Sometimes things just take me by surprise.  Anyone who has ever lost a loved one knows that sudden, gut-punched, deflated feeling…that feeling I get when I remember someone I have lost.  The most unexpected things bring back a memory, and I find myself wanting to linger in that moment of remembrance and grief.  It is simultaneously wonderful and excruciating.
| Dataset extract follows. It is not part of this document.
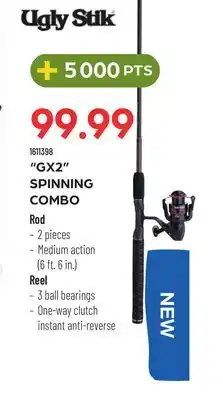 Pronature GX2 SPINNING COMBO offer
It’s what happens next that makes me wish that these moments didn’t happen, or at least, that these moments would only happen at the most convenient times.  I cry like a baby.

I hate crying.

Once the crying starts, then the anger begins because I’m crying, AGAIN.  Aren’t we supposed to evolve?  Adapt?  Shouldn’t that change things like, the crying?  Shouldn’t a couple episodes of crying be sufficiently cathartic to guarantee no more crying over the same person or persons?  Maybe I’m the only weirdo out there that expects something to change.  Maybe that’s really the issue here, not that I always end up crying, but that I keep thinking that my crying will somehow change, lessen, or cease.

Grief is such a misunderstood word.  I think most of the world understands the dictionary definition of grief, that isn’t my meaning.  I try to remind myself that my losses happened months and years ago, that my grief is complete.  I tell my brain that I am a sane, rational, logical person.  I grieved.  I followed the appropriate steps….denial, anger, something something, acceptance, or whatever.  I did what was expected, then I put grief  in this nice, neat, little box and I expect it to stay there.  Yeah, right.

That’s how I ended up crying in the middle of The Amazing Spiderman 2, in the middle of a movie theater.  A feeling, a memory, was triggered and here comes grief, bursting out of its little box.

All that random, unstoppable crying takes me where?  Somewhere healthier?  Somewhere with a lot less crying?  I can’t keep the scornful laugh out of my thoughts.  I’m doing it again.  I am instantly trying to put my grief back in its little box again, and I’m simultaneously expecting something to change.

Maybe it is time to be okay with grief.